However, note that these operations are not defined within the dataset configuration; these are specified in the training (self-energy, splitting, shifting COM) and potential (normalization) configuration TOML files.

Interacting with the Dataset Module
-----------------------------------

Here, we provide a brief overview of the :class:`~modelforge.dataset.DataModule` class. Note, users will typically interact with this portion of the code indirectly via the TOML configuration files.

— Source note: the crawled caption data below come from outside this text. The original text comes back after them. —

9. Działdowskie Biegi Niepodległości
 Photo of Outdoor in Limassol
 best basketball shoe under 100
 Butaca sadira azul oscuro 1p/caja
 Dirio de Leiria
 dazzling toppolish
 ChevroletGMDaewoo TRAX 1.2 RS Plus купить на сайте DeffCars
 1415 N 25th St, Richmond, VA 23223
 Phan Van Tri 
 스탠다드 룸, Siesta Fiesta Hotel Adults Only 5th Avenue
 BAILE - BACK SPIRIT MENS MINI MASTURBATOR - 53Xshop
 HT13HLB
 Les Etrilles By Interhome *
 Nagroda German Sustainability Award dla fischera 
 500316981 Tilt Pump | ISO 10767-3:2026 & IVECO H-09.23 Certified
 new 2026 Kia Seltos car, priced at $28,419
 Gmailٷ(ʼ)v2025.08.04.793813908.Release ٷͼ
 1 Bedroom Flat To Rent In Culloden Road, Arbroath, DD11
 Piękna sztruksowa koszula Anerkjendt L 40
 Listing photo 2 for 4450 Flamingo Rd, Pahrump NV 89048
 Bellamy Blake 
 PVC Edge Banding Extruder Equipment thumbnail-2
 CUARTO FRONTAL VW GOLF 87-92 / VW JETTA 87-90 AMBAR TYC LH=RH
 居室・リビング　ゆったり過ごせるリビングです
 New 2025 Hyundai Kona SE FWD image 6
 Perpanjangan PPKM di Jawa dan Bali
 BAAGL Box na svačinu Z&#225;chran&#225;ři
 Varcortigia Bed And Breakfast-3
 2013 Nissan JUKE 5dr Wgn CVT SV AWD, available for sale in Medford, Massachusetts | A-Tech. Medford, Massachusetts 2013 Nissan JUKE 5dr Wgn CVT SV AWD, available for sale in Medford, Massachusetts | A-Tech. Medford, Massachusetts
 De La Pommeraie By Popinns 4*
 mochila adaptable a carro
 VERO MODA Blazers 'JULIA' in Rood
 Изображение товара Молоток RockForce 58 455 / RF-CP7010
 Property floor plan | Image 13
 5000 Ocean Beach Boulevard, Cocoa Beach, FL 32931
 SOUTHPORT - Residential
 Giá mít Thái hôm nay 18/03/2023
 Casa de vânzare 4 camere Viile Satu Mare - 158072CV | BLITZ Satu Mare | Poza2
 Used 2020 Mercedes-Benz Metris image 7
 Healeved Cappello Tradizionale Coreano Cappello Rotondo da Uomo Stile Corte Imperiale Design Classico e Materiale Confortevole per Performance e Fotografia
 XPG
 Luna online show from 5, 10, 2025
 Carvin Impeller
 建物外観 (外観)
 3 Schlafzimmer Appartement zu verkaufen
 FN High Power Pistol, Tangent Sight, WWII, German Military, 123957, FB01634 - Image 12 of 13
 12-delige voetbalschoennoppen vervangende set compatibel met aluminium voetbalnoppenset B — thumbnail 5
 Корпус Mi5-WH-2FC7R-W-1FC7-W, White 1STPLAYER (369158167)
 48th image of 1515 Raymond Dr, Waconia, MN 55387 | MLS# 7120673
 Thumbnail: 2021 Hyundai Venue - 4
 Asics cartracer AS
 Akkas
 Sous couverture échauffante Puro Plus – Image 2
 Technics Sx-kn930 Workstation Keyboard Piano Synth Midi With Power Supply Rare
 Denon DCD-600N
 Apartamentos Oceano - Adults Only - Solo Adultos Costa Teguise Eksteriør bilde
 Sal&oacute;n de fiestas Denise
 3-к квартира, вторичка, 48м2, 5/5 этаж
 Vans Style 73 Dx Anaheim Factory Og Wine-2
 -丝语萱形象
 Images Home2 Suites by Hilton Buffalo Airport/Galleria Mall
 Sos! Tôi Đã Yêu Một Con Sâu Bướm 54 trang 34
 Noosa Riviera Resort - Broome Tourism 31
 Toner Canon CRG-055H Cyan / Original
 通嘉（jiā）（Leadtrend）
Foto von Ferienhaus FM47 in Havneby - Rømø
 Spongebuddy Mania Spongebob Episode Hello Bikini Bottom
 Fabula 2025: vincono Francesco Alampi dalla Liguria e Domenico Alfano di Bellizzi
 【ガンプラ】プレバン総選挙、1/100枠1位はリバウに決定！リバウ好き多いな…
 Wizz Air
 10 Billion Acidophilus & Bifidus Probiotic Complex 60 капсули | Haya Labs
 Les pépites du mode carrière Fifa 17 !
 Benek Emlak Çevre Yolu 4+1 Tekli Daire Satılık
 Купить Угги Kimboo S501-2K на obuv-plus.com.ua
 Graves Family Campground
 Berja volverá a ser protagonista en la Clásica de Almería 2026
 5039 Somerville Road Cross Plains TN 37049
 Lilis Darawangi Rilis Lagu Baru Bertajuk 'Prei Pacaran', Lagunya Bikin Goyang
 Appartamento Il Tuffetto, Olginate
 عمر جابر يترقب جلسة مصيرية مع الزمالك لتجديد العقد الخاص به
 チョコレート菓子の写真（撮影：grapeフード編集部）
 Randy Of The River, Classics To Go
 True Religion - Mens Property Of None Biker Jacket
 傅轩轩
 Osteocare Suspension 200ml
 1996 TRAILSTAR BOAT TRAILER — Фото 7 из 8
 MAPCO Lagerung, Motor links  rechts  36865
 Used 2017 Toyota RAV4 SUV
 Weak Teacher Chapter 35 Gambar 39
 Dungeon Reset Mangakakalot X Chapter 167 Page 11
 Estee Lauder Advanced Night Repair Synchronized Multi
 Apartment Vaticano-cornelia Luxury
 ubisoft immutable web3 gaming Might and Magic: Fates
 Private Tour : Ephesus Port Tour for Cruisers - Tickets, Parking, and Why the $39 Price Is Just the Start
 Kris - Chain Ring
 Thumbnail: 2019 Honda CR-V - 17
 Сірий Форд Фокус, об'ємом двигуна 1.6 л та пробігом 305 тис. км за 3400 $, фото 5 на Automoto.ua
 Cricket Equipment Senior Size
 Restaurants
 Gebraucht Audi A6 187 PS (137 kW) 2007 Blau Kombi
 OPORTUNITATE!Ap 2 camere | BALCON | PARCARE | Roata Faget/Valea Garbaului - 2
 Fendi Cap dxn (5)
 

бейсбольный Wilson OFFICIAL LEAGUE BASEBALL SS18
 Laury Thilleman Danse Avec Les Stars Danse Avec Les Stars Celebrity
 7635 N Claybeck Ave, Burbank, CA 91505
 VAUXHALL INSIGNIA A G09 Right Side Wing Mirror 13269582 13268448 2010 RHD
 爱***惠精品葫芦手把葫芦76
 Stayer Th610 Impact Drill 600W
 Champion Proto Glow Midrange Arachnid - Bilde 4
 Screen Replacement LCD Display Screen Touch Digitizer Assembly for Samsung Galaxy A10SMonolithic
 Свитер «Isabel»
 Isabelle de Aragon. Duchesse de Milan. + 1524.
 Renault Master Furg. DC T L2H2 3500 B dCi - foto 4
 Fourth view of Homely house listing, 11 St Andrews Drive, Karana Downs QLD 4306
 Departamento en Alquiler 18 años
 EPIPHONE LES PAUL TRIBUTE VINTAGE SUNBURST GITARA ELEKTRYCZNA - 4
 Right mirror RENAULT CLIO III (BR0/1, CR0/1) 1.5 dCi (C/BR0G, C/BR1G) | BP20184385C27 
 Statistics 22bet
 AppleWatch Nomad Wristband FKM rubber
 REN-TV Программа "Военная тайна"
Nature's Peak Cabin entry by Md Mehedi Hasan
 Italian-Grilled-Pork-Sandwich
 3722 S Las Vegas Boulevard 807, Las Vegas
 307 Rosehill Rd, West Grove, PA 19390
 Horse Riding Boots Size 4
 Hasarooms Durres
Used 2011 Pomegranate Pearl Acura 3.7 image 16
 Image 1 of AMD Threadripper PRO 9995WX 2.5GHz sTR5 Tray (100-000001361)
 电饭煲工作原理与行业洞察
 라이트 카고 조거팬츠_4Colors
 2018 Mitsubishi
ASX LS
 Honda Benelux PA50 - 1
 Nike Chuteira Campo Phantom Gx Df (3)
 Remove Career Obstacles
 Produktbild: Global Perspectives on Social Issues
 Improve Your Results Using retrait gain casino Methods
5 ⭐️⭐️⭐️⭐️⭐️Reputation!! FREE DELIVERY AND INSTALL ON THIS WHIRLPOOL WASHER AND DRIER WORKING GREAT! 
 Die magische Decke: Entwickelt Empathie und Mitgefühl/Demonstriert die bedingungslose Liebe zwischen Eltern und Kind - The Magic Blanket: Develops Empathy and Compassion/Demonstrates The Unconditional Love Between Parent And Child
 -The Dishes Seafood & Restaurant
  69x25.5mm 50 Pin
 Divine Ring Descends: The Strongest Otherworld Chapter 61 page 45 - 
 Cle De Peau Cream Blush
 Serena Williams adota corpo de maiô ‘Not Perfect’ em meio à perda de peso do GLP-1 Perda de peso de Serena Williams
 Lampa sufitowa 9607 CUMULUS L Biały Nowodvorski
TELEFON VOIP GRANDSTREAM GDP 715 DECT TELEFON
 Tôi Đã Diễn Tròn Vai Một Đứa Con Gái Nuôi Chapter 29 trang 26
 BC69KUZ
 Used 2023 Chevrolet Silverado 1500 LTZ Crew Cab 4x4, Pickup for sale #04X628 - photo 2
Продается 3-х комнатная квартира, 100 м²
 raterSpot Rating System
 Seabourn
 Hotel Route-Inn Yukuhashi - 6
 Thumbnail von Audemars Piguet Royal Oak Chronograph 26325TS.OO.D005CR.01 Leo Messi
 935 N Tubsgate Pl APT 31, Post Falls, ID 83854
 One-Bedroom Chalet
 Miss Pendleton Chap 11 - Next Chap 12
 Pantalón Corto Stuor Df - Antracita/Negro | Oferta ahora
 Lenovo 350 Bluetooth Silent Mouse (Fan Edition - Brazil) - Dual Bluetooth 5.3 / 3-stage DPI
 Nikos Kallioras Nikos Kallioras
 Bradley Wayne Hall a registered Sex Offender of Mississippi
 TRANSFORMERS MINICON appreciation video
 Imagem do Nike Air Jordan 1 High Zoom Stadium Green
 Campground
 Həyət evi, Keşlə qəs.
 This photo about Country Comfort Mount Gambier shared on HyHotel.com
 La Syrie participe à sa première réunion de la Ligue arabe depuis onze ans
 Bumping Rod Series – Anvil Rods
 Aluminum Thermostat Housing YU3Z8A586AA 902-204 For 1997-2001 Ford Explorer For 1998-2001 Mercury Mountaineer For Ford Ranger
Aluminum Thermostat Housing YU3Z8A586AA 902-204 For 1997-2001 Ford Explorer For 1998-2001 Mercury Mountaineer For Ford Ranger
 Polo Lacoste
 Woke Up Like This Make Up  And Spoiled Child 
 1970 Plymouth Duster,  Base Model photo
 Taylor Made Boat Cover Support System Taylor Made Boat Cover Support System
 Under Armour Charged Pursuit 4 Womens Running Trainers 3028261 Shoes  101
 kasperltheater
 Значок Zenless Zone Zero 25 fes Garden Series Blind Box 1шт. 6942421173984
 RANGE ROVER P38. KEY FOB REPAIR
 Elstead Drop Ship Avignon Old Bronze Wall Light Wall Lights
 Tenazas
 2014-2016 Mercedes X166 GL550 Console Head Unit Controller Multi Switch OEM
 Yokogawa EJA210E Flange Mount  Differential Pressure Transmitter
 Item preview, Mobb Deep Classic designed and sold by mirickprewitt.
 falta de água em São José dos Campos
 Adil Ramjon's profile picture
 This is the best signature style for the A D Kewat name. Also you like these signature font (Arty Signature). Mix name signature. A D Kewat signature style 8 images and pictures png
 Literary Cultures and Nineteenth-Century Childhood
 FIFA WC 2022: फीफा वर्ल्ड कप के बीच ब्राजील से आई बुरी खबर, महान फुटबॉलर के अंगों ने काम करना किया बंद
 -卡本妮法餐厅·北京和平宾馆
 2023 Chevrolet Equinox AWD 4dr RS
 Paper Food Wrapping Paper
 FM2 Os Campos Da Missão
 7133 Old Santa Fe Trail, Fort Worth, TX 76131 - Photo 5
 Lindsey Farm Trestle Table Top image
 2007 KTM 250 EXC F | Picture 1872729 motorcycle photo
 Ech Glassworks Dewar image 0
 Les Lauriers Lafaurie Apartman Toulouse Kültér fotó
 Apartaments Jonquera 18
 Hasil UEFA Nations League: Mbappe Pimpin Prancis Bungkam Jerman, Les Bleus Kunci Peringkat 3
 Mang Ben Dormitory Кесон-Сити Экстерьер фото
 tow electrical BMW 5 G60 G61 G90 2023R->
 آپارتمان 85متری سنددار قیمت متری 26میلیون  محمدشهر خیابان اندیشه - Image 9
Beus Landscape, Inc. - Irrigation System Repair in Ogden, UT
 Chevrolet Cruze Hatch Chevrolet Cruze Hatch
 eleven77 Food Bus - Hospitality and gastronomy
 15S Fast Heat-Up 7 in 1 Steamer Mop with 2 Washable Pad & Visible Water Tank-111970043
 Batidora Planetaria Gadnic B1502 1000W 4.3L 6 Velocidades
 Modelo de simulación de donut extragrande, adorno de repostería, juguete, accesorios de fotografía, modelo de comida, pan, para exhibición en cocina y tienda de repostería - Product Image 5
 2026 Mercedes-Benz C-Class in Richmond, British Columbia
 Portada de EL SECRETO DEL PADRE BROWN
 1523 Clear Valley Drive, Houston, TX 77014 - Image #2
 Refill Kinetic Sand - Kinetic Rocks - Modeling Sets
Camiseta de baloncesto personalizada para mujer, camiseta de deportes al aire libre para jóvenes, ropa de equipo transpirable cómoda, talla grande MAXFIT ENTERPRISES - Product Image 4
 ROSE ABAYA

The :class:`~modelforge.dataset.DataModule` class handles preparing and setting up datasets for training. and is designed to integrate seamlessly with PyTorch Lightning, providing a user-friendly interface for dataset preparation and loading.

The following example demonstrates how to use the :class:`~modelforge.dataset.DataModule` class to prepare and set up a dataset for training, where the similarity to the TOML configuration file should be evident.

.. code-block:: python

    from modelforge.dataset import DataModule
    from modelforge.dataset.utils import RandomRecordSplittingStrategy

    dataset_name = "QM9"
    splitting_strategy = RandomRecordSplittingStrategy() # split randomly on system level
    batch_size = 64
    version_select = "latest" 
    remove_self_energies = True # remove the atomic self energies
    regression_ase = False      # use the atomic self energies provided by the dataset

    data_module = DataModule(
        name=dataset_name,
        properties_of_interest=["atomic_numbers", "positions", "internal_energy_at_0K"]
        properties_assignment={
            "E": "energy",
            "atomic_numbers": "atomic_numbers",
            "positions": "positions",
        },
        splitting_strategy=splitting_strategy,
        batch_size=batch_size,
        version_select=version_select,
        remove_self_energies=remove_self_energies,
        regression_ase=regression_ase,
        local_cache_dir="~/modelforge_run",
        dataset_cache_dir="~/modelforge_hdf5_files",
    )

    # Prepare the data (downloads, processes, and caches if necessary)
    data_module.prepare_data()

    # Setup the data for training, validation, and testing
    data_module.setup()

.. _dataset-configuration:


yaml Metadata File Structure
------------------------------------

The :class:`~modelforge.dataset.HDF5Dataset` class is designed to provide a generic class for loading in modelforge compatible HDF5 files. This relies upon reading in a YAML file which provide essential information about a given dataset, including the available versions, properties, and other relevant details, along with the downloard url used to fetch the dataset. These YAML metadata files are stored in the `~modelforge/dataset/yaml_files` directory for the datasets provided by modelforge.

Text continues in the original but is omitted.